Adesso, dunque, l’area pedonale si completa nella misura in cui il dirigente e comandante della Polizia locale, Leonardo Cuocci Martorano, ha aggiudicato alla ditta Bridge 129, di Reggio Emilia, la fornitura e posa in opera di due varchi per il controllo dell’accesso in via San Giorgio, angolo piazza Plebiscito, e via San Giorgio, angolo via Mario Pagano.
Insieme con quella, ci saranno anche lo smontaggio degli apparati preesistenti, la fornitura dell’hardware e software per la gestione del sistema telematico, la manutenzione, assistenza ed estensione della garanzia per i dispositivi forniti per la durata di due anni, ed infine la formazione del personale.
La Bridge 129 è lo stesso operatore che ha installato i varchi elettronici delle altre Zone traffico limitato ed aree pedonali, principalmente nel centro storico, e si è aggiudicato la procedura di confronto fra cinque preventivi sul Mercato elettronico della pubblica amministrazione ad un prezzo di poco più di 23.000 euro, al netto di Iva, rispetto ad una base d’asta di 26.000.
Si vuole assicurare la totale assenza di traffico veicolare in via San Giorgio, con la sola eccezione dei mezzi di soccorso ed auto destinate a operazioni di carico e scarico: in questo caso preventivamente avvisare il Comando della Polizia locale indicando numero di targa, orario di transito sotto i pannelli luminosi e tempo stimato di permanenza nell’area pedonale.
I dispositivi telematici consentiranno il sanzionamento automatico dei trasgressori proprio attraverso la lettura del numero di targa, blindando così la strada da entrambi i capi senza possibilità di errore alcuno.
In questo modo via San Giorgio, troppo spesso percorso da veicoli fuori controllo, diventerebbe totalmente area pedonale completando un bouquet di strade limitrofe che comprendono anche via Santa Maria e via Rossini.

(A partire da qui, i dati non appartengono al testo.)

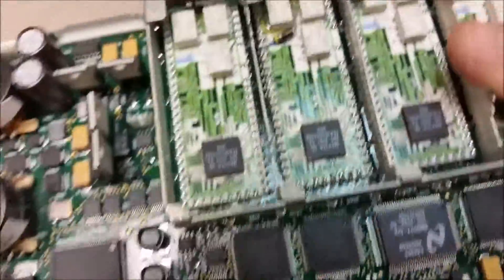And that's pretty much it — your motherboard is free. Now you can move on to this stuff right here.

In tale scenario, con la zona a traffico limitato attiva lungo il porto per tutta l’estate, dalle 20 alle 2, l’area franca dalle auto diviene ancora più estesa.
L’ultimo varco elettronico, installato precedentemente a quelli in arrivo in via San Giorgio, si trova all’intersezione fra piazza Duomo e piazza Re Manfredi, all’angolo di Palazzo Torres, sede del Tribunale. Tale dispositivo regola in maniera perentoria l’accesso in piazza Duomo in favore degli operatori del Palazzo di giustizia, escludendo che da quel luogo transitino altri veicoli senza titolo.
In tal modo, dallo scorso 20 maggio, risulta meno intasato dalle auto lo scenario dei luoghi intorno alla cattedrale, soprattutto con riferimento a piazza Monsignor Reginaldo Addazi, che in tal modo è tornata ad essere totalmente libera da veicoli.
Obiettivo, come sempre, tenere le auto il più lontano possibile dai luoghi di pregio e lasciare ai pedoni spazi di passeggio e socializzazione troppo spesso invasi dai veicoli.